A Decentralized Microservice Scheduling Approach Using Service Mesh in Cloud-Edge Systems
Yangyang Wen, Paul Townend, Per-Olov Östberg, Abel Souza, Clément Courageux-Sudan
TL;DR
This paper tackles the scalability and latency challenges of scheduling in cloud‑edge microservice ecosystems by proposing a fully decentralized scheduling framework that embeds autonomous sidecar logic in service mesh environments. It contrasts a MILP-based centralized scheduler with a hop-by-hop, sidecar-driven decentralized scheduler, using SimGrid to model realistic network and compute behavior. Through simulations, the authors provide initial evidence that decentralized scheduling can achieve lower makespans under high concurrency and reduced coordination overhead, while highlighting challenges in load balancing, observability, and policy alignment. The work lays out a system-level architectural direction and outlines future validation on real Kubernetes clusters, with exploration of resilience, cost, and hybrid coordination strategies.

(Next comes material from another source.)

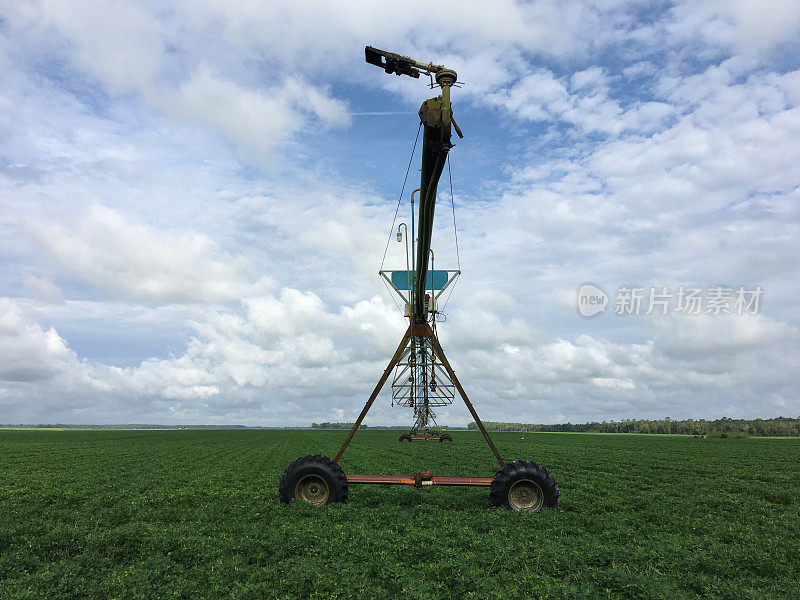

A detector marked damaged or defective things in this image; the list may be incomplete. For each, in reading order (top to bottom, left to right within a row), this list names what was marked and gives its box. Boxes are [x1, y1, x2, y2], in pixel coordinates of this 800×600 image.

Overall, the results suggest that service-mesh-inspired decentralized scheduling offers promising scalability and fault tolerance for cloud‑edge microservices, albeit with nontrivial operational considerations.
Abstract
As microservice-based systems scale across the cloud-edge continuum, traditional centralized scheduling mechanisms increasingly struggle with latency, coordination overhead, and fault tolerance. This paper presents a new architectural direction: leveraging service mesh sidecar proxies as decentralized, in-situ schedulers to enable scalable, low-latency coordination in large-scale, cloud-native environments. We propose embedding lightweight, autonomous scheduling logic into each sidecar, allowing scheduling decisions to be made locally without centralized control. This approach leverages the growing maturity of service mesh infrastructures, which support programmable distributed traffic management. We describe the design of such an architecture and present initial results demonstrating its scalability potential in terms of response time and latency under varying request rates. Rather than delivering a finalized scheduling algorithm, this paper presents a system-level architectural direction and preliminary evidence to support its scalability potential.